The Girl in the Photograph (Quirvan Productions) 2018 Toronto Fringe Review

Photo of Andrea Cabeza & David Chinchilla in The Girl in the Photograh by Liliana Vera.

The Girl in the Photograph, written by Joel Pettigrew and directed by Victoria Urquhart playing as part of the 2018 Toronto Fringe Festival, is all too relatable. Too almost uncomfortably relatable, which I guess is why this play hits so many notes, both pleasant and not so much, and why it will stay and haunt me for a very long time. This is a tale of forbidden attraction — she’s 14 and he’s older, charismatic and dangerously slick. He knows exactly what to say at any given time to coerce, manipulate and charm his way into whoever he wants.

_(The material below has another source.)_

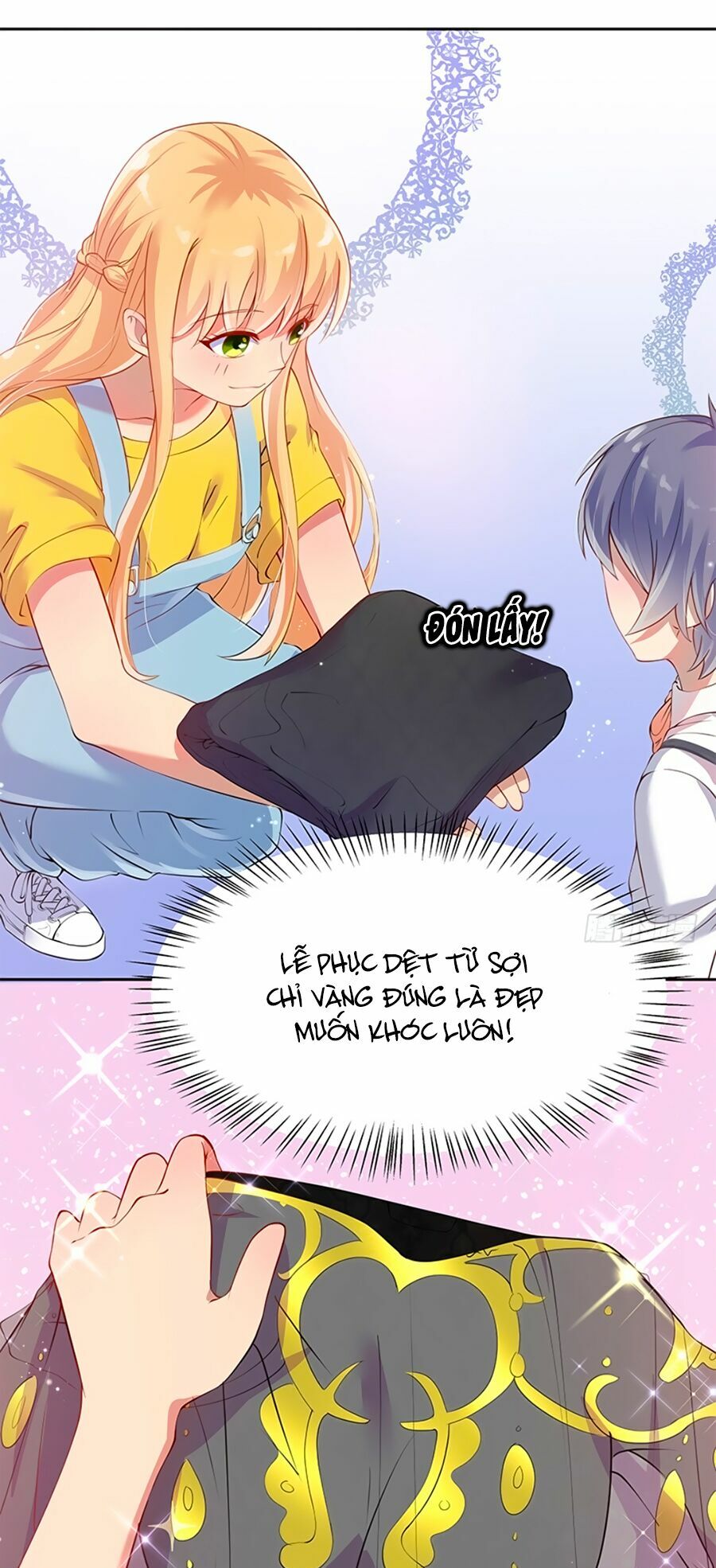 chồng già vợ trẻ trêu nhau hàng ngày chapter 26 20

In The Girl in the Photograph, Beto (David Chinchilla) and his directing partner Alexia (Tamara Almeida) run a theatre program for teenagers in a small town in Mexico. As the two run through Shakespeare’s greatest works, they see numerous young and vibrant teens make their way across their stage when in walks Paula (Andrea Cabeza) who possesses just the right combination of beauty, intelligence, vulnerability and eagerness that Beto just can’t ignore.

It’s a disaster waiting to happen, it’s statutory rape after all, and Beto has a long standing history of seducing women — his pregnant girlfriend Martina (Erin Roche) not to mention he and Alexia have history of their own. But Paula is in love and that attraction is intoxicating and strong, and she won’t be drawn away.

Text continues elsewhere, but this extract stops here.